No one wants to have an emergency while away on vacation, but that’s exactly what happened to Dee. An avid skier and overall active person, she was out of state on a family trip when she had a Takotsubo event – her heart was stressed, but it was not a heart attack. Cutting her ski vacation short, she returned to Tuscaloosa to be evaluated by Dr. Aaron Hoffman, a cardiothoracic surgeon at DCH. He determined she needed a quadruple bypass, quickly got his team together and talked her through the surgery process. Nervous and anxious about her condition, Dee noted that Dr. Hoffman’s team was exactly who she needed to treat her, and DCH was the place she needed to be. “They were all tuned in to me,” stated Dee, “and it was a very pleasant experience, if that can be the case with this type of thing.” Months since her surgery, Dee is back to doing activities she has always enjoyed. Watch her story.

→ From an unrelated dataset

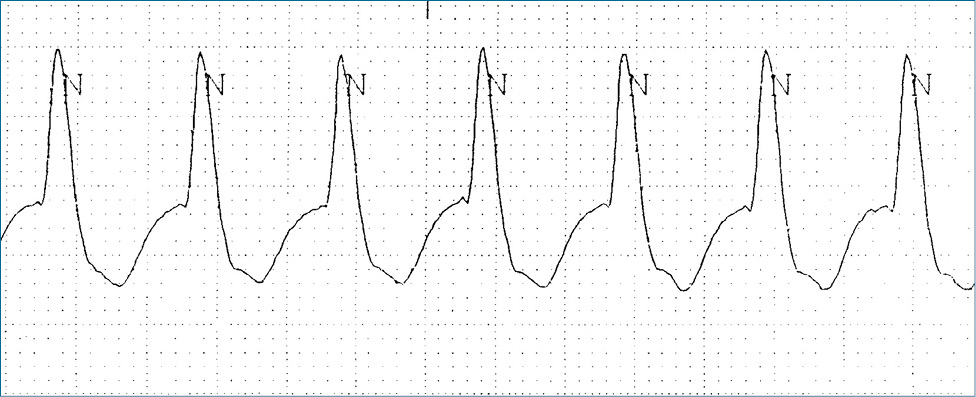 
 
 Rycina 2. Fragment zapisu EKG z monitora w dużym powiększeniu. Widoczne szerokie zespoły QRS, częstość akcji serca 148/min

DCH SpineCare: Scott Ridings

Across nine years, Scott had three neck surgeries and two back surgeries to address pain caused by a degenerative disc disease. The SpineCare Center treated Scott after each surgery. Normally a fairly active person, Scott longed to get back to his normal way of life. His last surgery was nearly two years ago. Through therapies and treatment at The SpineCare Center, Scott has improved. “My range of motion and stamina have returned,” he said. Scott is once again able to comfortably do the activities he enjoys – working in his yard, playing golf, petting his dog, Willow, and caring for his chickens. Treatment was demanding at times to achieve progress, but Scott is grateful to now be in a season of maintenance. “Dr. Spruill and Wendi have been just outstanding. I have received great care because of them, and they are super people to be around.” Watch his story.

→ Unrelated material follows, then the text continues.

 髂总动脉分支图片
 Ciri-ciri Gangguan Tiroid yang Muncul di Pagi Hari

Neonatal Intensive Care Unit (NICU): Jasmine Jones & Rawlings

DCH’s educational CPR training program “Just in Time” helped Jasmine save her baby’s life. Rawlings (her son) was in the NICU for 11 weeks. Jasmine was at DCH every day caring for him as much as she could. Watching the CPR video is a requirement of the NICU parents upon discharge. Jasmine recalls repeatedly hearing the video as other parents watched before their children were discharged. She grew tired of hearing the instructor over and over. Now she’s thankful to have heard the CPR instructions so often to have them committed to memory. When it was Rawlings’ turn to leave, they had only been home for three hours, when he suddenly stopped breathing. Thanks to DCH, she knew exactly what to do and performed CPR on her son. Jasmine is thankful to the NICU at DCH for providing her with the tools to save her son’s life. Others in her home have since watched the video and practiced on the “Just in Time” training doll also provided by DCH. Rawlings still has some growing to do, but he’s getting stronger every day. As Jasmine reflects on those weeks with Rawlings at DCH until now, she tells us, “they really have become like my family”. Watch their story.

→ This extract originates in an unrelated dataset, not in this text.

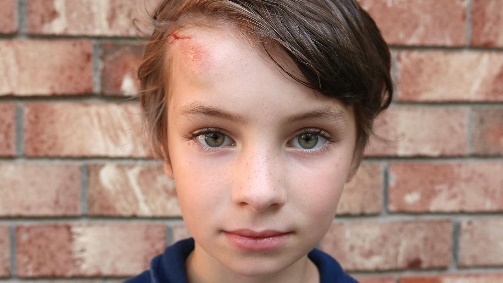 A portrait of a boy with a large lump and cut on his forehead.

Fayette Medical Center Emergency Department: Blake & Noah Thompson

One afternoon Blake’s children were playing in the creek at the back edge of their property. Blake’s son, Noah, was bitten several times on the foot by a cottonmouth snake. Noah was rushed to the Emergency Department at Fayette Medical Center. Time was of the essence, and Blake recalled how quickly the security guard and Emergency Department nurses sprang into action. Blake was swiftly ushered through security and arrived by Noah’s side as the first vial of antivenom was administered. After a total of 15 vials of venin and many answered prayers, Noah is back to enjoying his adventures outdoors. Blake is grateful for the immediate response and professionalism of the staff at Fayette Medical Center and credits Noah’s full recovery to their exceptional care. “Know that you [medical staff] are prayed for. Know your work doesn’t go unnoticed. Thanks again for all you do. May God bless you all.”